We begin with the actors finishing up an agitprop play dramatising the life of Czech journalist and resistance member Julius Fučik, the staging showing Vladimir (Cyril Dobrý), the actor playing him, in a Pietà-like pose as he is tortured by Nazi officers. The play’s director, Jindrich (Martin Pechlát), producer Reditel (Otakar Brousek) and all of the other actors – one of whom stays in his SS costume – then decamp to the theatre’s deserted and atmospherically lit drinking den after the curtain falls. Tense barbs are shared about the straitened cultural atmosphere amidst the occupation, and many pints of Czech lager are sunk.

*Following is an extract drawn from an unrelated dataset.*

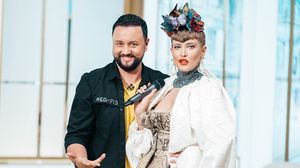 Scandal monstru în televiziune! Iulia Albu, concediată? Detalii șocante: „S-au săturat”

Then, who is to join their gathering, but a clearly PTSD-addled Russian soldier (Aleksey Gorbunov), who begins by offering to sell the actors gasoline, and then proceeds to make inappropriate advances towards a young companion of the actors; this is Milada (Antonie Formanová), the grand-niece of Fučik, who’s come to interview Jindrich – himself a formerly radical theatre-maker, who holds more pro-German sympathies than his colleagues.

Highlighting the fact that this is indeed turning into another tense chamber play, the soldier carries an assault rifle – and we know what transpires when these are introduced in the first act. The soldier eventually becomes a fatal threat to the theatre people, and a baldly allegorical drama is played out of collaboration and resistance, with an unlikely member of the ensemble finding himself in a role that mimics Fučik’s fate. The peril becomes so overwrought, it’s unrealistic to see these demure thespians suddenly acting like they’re in a big-budget war film. But a revealing streak still breaks through, of a particularly Czech kind of self-loathing: “We’re nothing but shit on the bottom of history’s shoe,” says one character near the end – and Nohejl’s film starts stirring the pathos it initially promised.

Occupation is a production of the Czech Republic, staged by Unit+Sofa.